Please repeat, precisely as written, only the lines from the one containing "Congratulations to the JAMs team 👏" through the last line of the records below, pictures omitted.

++++ Record excerpts ++++

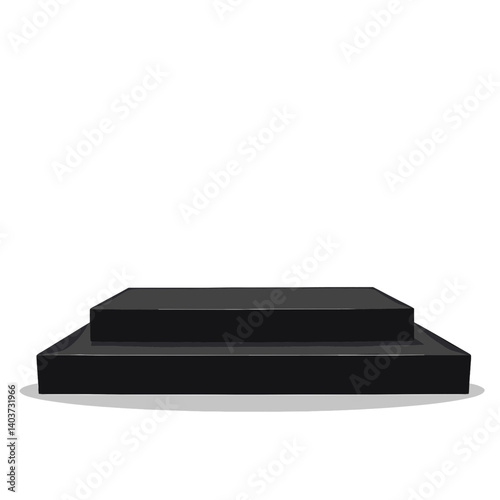 black rectangular steps with shadow  modern design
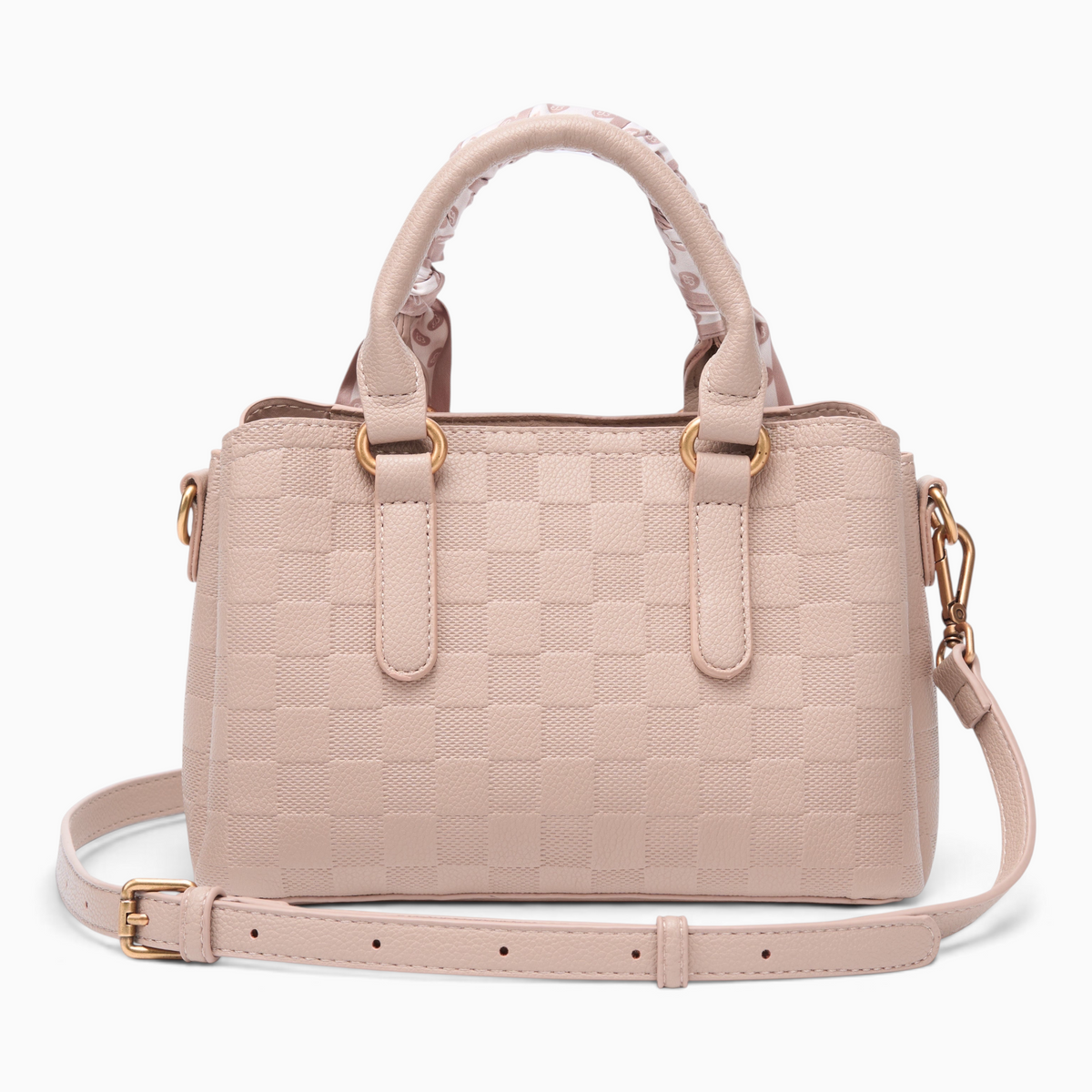 Bag Shack | Luggage, Bags, Handbags & Travel Accessories Bessie London structured handbag in beige with checkered texture and silk scarf handle detail.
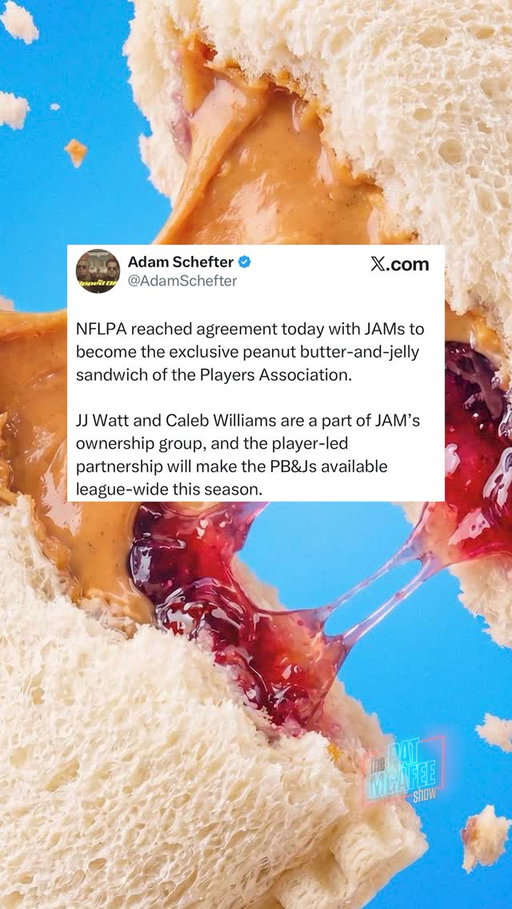 We have some MASSIVE news from @adamschefter..

The NFLPA reached agreement with JAMs to become the exclusive peanut butter and jelly sandwich of the Players Association..

Congratulations to the JAMs team 👏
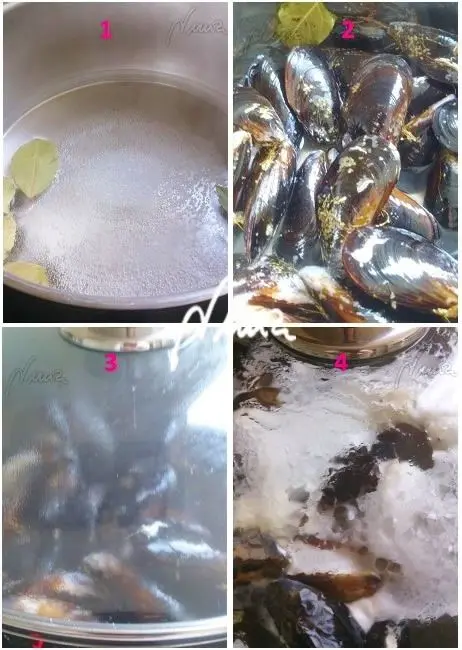 Mejillones al vapor, paso 2: En una cacerola grande echar agua, sólo que cubra el fondo.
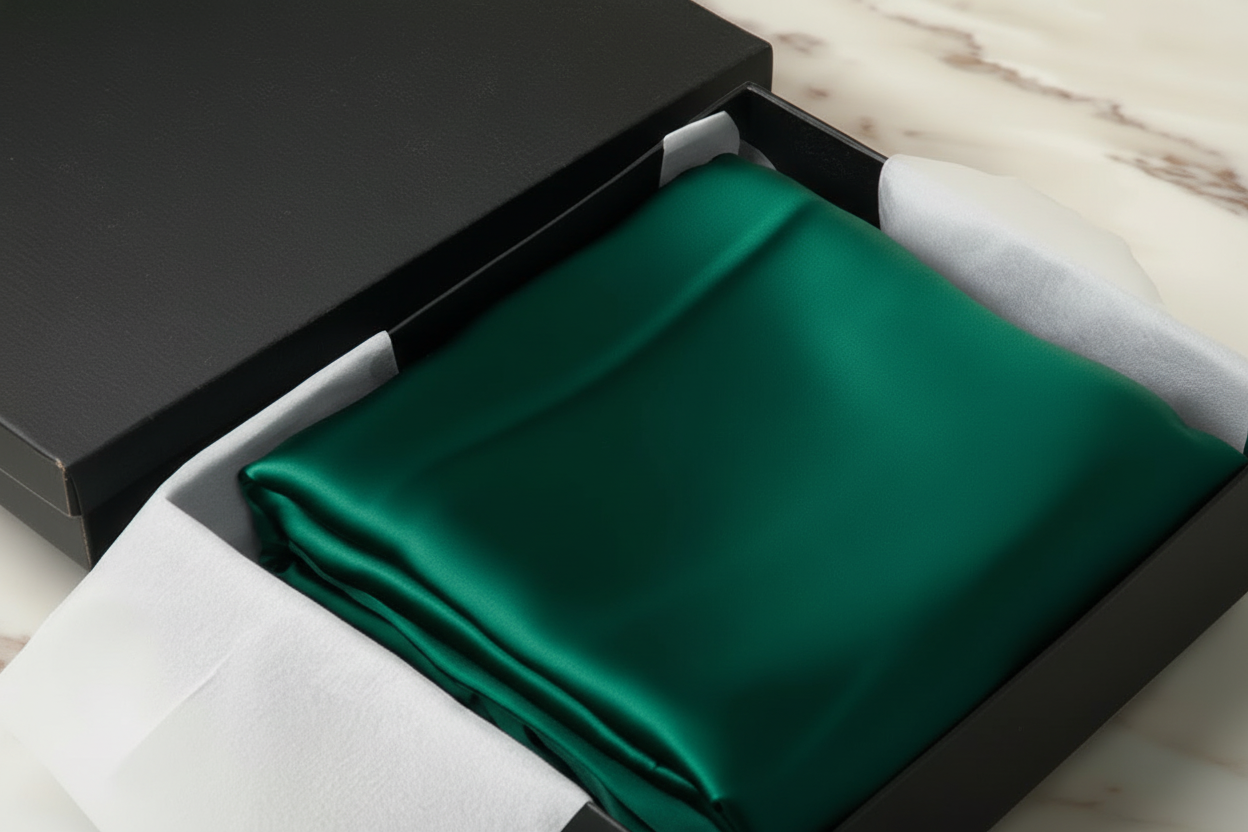 dark green satin pillowcase in a box on a light wooden surface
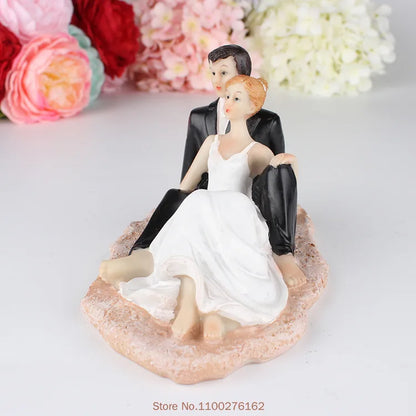Bride & Groom Funny Wedding Cake Topper Figurine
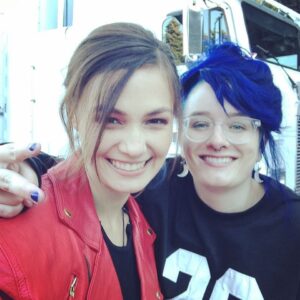 Natalie Jongjaroenlarp Instagram - #tbt to working with an incredibly talented costume designer...thanks for designing clothes fit for a warrior #redznation #red #leather #jacket #design #talent #dontmesswithher #fierce #fashion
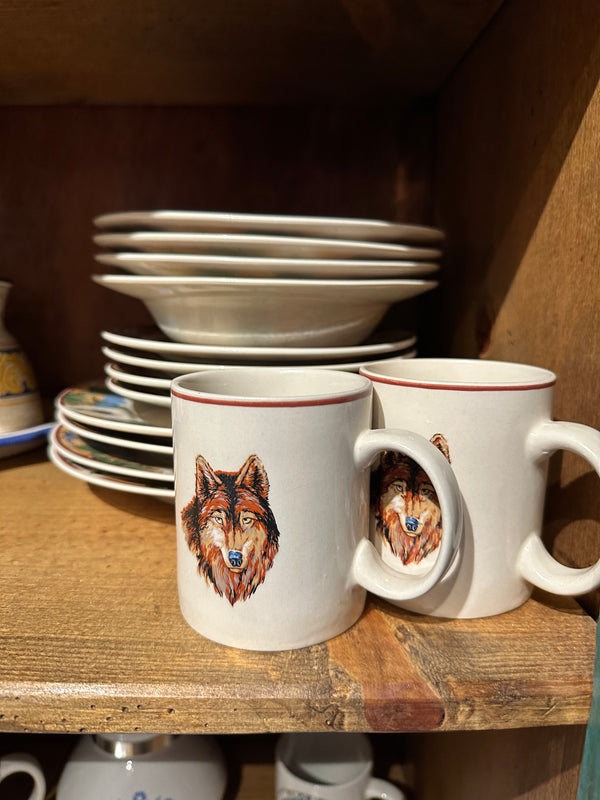 Southwest Desert Theme Stoneware Dish Set with Two Mugs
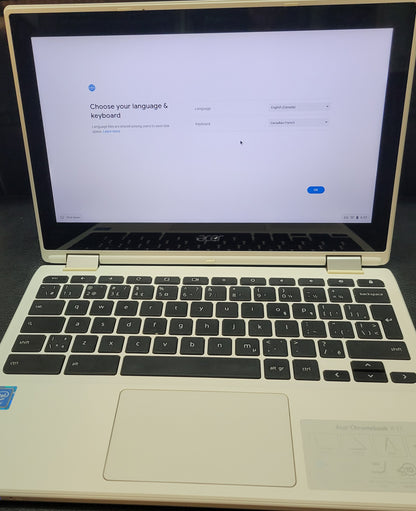 Acer Chromebook R11 FLIP - 11.6" TOUCH Platinum White Immaculate Condition CIB *LIKE NEW*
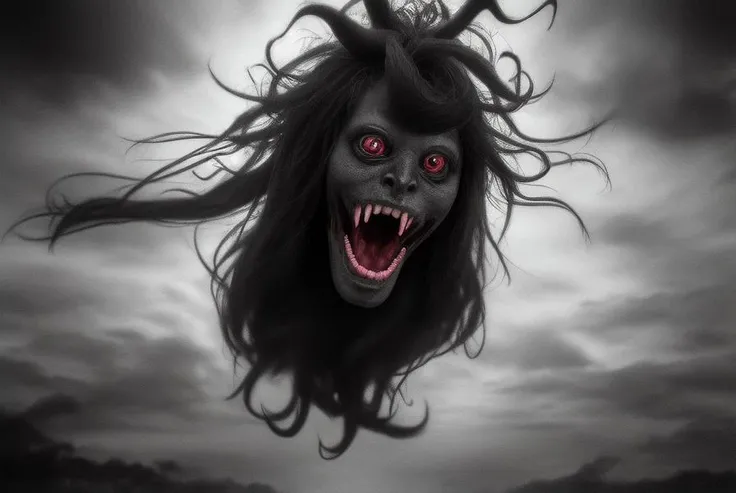 ((Best quality)), ((masterpiece)), ((realistic)), ((beautiful female face)), portrait of a krasue in pursuit. The krasue, a mythical creature from Southeast Asian folklore, is depicted in a thrilling chase with captivating realism. The detail and intricacy of the krasue's appearance, with its floating head and entrails, are strikingly rendered, creating a sense of otherworldly beauty and terror. The composition is dynamic, with the krasue shown in mid-flight, her long hair and organs flowing behind her as she hunts her prey. The use of lighting and shadow adds depth and dimension to the scene, enhancing the sense of movement and urgency in the chase. The surrounding environment is carefully crafted, with a sense of mystery and foreboding. On eye level, scenic, masterpiece. <lora:thaiKrasueCurse_v01:1>
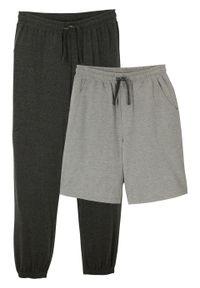 Spodnie dresowe chłopięce (2 części), bawełna organiczna bonprix antracytowy melanż - jasnoszary melanż. Kolor: szary. Materiał: dresówka, bawełna. Długość: krótkie. Wzór: melanż #1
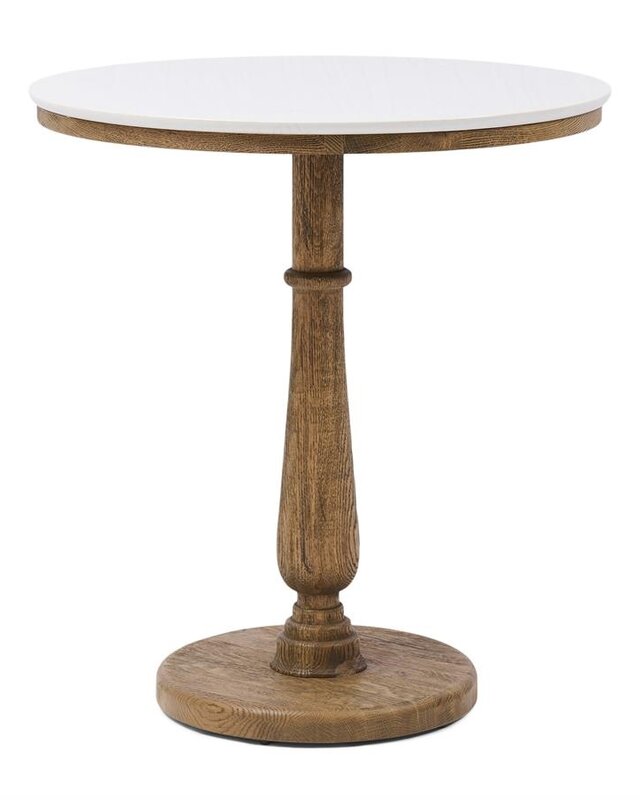 Rivièra Maison Bistrotafel Amalfi | Marmer | Eikenhout | D70 cm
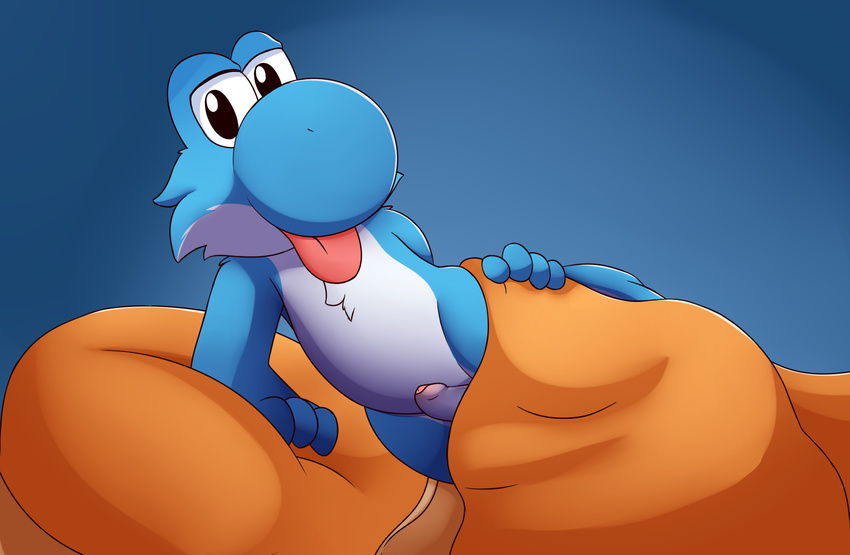 aroused bed bedding blanket dinosaur erection hybrid lighty_marteniz lizard mario_bros nintendo penis reptile sagemerric scalie suggestive uncut video_games yoshi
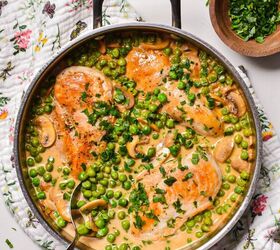 Creamy Mustard Chicken With Mushrooms and Peas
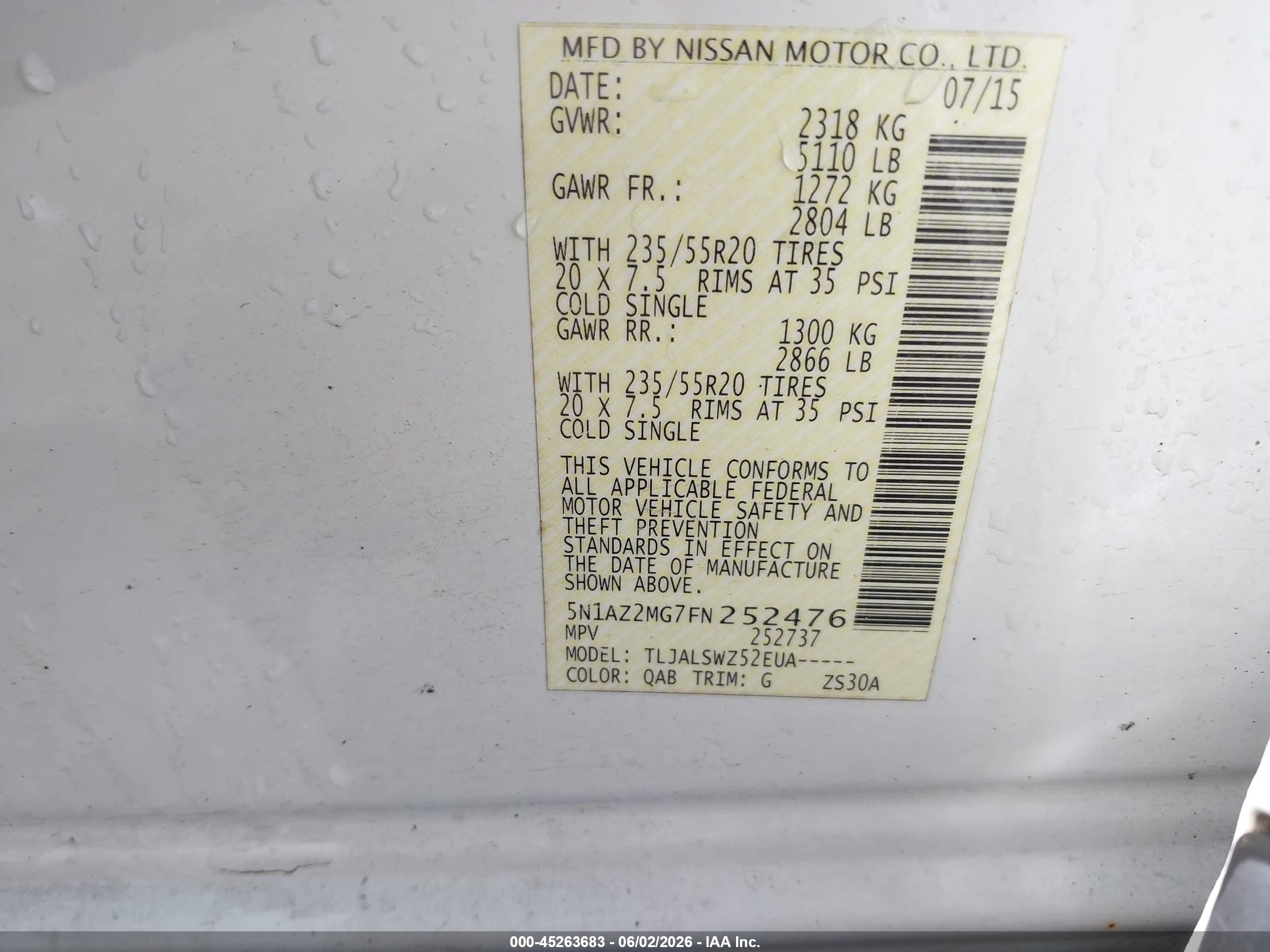 2015 Nissan Murano Platinum Белый vin: 5N1AZ2MG7FN252476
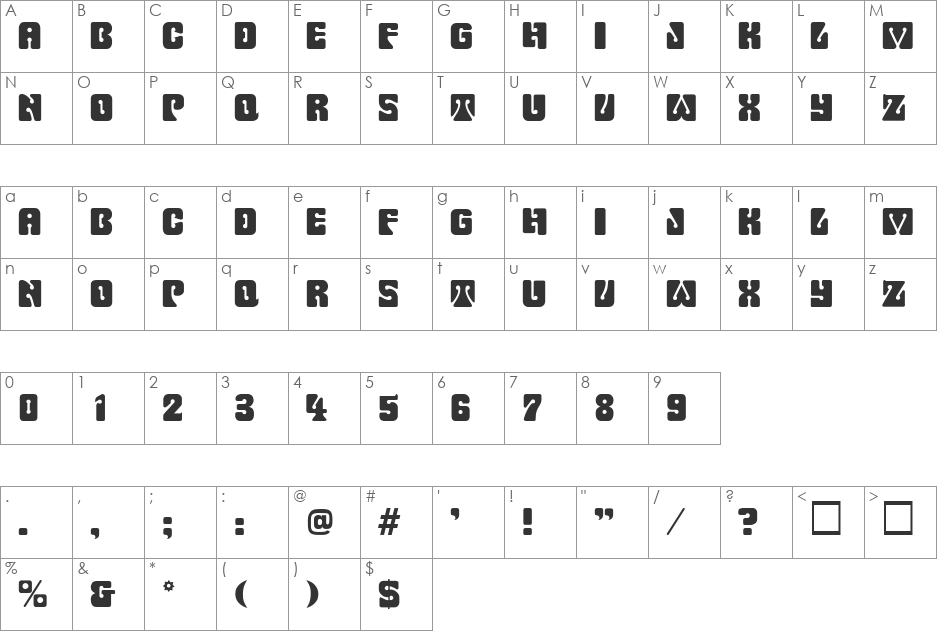 Pinocchio font character map preview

++++

● Result of this exercise
Congratulations to the JAMs team 👏
 Mejillones al vapor, paso 2: En una cacerola grande echar agua, sólo que cubra el fondo.
 dark green satin pillowcase in a box on a light wooden surface
Bride & Groom Funny Wedding Cake Topper Figurine
 Natalie Jongjaroenlarp Instagram - #tbt to working with an incredibly talented costume designer...thanks for designing clothes fit for a warrior #redznation #red #leather #jacket #design #talent #dontmesswithher #fierce #fashion
 Southwest Desert Theme Stoneware Dish Set with Two Mugs
 Acer Chromebook R11 FLIP - 11.6" TOUCH Platinum White Immaculate Condition CIB *LIKE NEW*
 ((Best quality)), ((masterpiece)), ((realistic)), ((beautiful female face)), portrait of a krasue in pursuit. The krasue, a mythical creature from Southeast Asian folklore, is depicted in a thrilling chase with captivating realism. The detail and intricacy of the krasue's appearance, with its floating head and entrails, are strikingly rendered, creating a sense of otherworldly beauty and terror. The composition is dynamic, with the krasue shown in mid-flight, her long hair and organs flowing behind her as she hunts her prey. The use of lighting and shadow adds depth and dimension to the scene, enhancing the sense of movement and urgency in the chase. The surrounding environment is carefully crafted, with a sense of mystery and foreboding. On eye level, scenic, masterpiece. <lora:thaiKrasueCurse_v01:1>
 Spodnie dresowe chłopięce (2 części), bawełna organiczna bonprix antracytowy melanż - jasnoszary melanż. Kolor: szary. Materiał: dresówka, bawełna. Długość: krótkie. Wzór: melanż #1
 Rivièra Maison Bistrotafel Amalfi | Marmer | Eikenhout | D70 cm
 aroused bed bedding blanket dinosaur erection hybrid lighty_marteniz lizard mario_bros nintendo penis reptile sagemerric scalie suggestive uncut video_games yoshi
 Creamy Mustard Chicken With Mushrooms and Peas
 2015 Nissan Murano Platinum Белый vin: 5N1AZ2MG7FN252476
 Pinocchio font character map preview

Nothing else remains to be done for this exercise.